Practicalities of using HIV SSKs
Most non-specialist participants were unaware of SSKs prior to taking part in this research, and only a handful disclosed having used one in the past – so existing levels of knowledge were low. Some had heard of instant result self-testing, as there were national media reports about that technology being licenced just before the period of research; and a sub-set of these were then surprised to learn of the requirement to take a sample, post a vial of blood and await laboratory results. Participants were surprised at the volume of blood (400 μl) required for a sufficient TINY Vial sample. In particular, many specialist providers stressed that they did not think that most black African members of the public would be able to produce enough volume for a viable sample – so there was concern about the way the demands of this kit might influence willingness to use it.
I mean, we do health checks and we take blood from the finger and our machines just been changed to take a much smaller sample, we have to take 40 microns of the blood, not a big amount which is why I kind of, I was a bit shocked at this. And just getting that amount of blood is actually sometimes quite traumatic for a person. [specialist group]
In addition to discussion about fear of needles and blood inhibiting self-sampling, a few pharmacists, nurses and GPs held the view that physiologically, their black patients may have difficulty producing fingerprick samples because of a perception that they would have thickened skin on the fingertips.
Many participants across all focus groups felt that for these reasons, as well as complexities of using, labelling and sending the sample in a vial, the requirements of the TINY kits were too onerous for most people to use correctly – and some might just give up on it before they even begin, due to perceived complexity.
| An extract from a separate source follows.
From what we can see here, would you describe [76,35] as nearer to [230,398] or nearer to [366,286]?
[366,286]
I think that will be quite tricky. Certainly, I don't think it’s one that you can tell them it’s that easy to do […] maybe if the test was simpler. [specialist group]
Can I be very honest? I don’t like this, and the reasons why I don’t like it is because it isn’t simple… It isn’t easy and, of course, this will not be popular. I think this is an attempt to make people laboratory people. By the time people put a jab and then put their hands and blood starts dripping, one, two, three, four, five, six, seven, eight, up to 20, I find it a bit… very, very cumbersome. It makes it very, very… It’s liable to a lot of mistakes. And so what do you then do? [non-specialist group]
Furthermore, a number of participants expressed concern that SSKs could be easily contaminated by users, perhaps by touching the top of the vial or the lid, or not cleaning the puncture site sufficiently. Others questioned the robustness of the technology and procedures on offer to the public, and felt users may worry about samples being mismatched at the laboratory. So there were issues with a lack of trust over direct engagement with providers of laboratory services. A few specialists and non-specialists also conveyed an (erroneous) concern that unskilled users might cause onward transmission through a blood spill.
In many of the discussions with specialists, they raised comparisons between these HIV SSKs and a range of kits for other conditions that are now designed for self-sampling. These comparisons highlighted that a range of kits intended for self-sampling had not been a great success (chlamydia and bowel screening kits in particular were perceived as under-used and not cost effective). In contrast, HIV specialist providers with experience using dried blood spot kits for HIV self-sampling among MSM were encouraged by the benefits that self-sampling could bring to African users.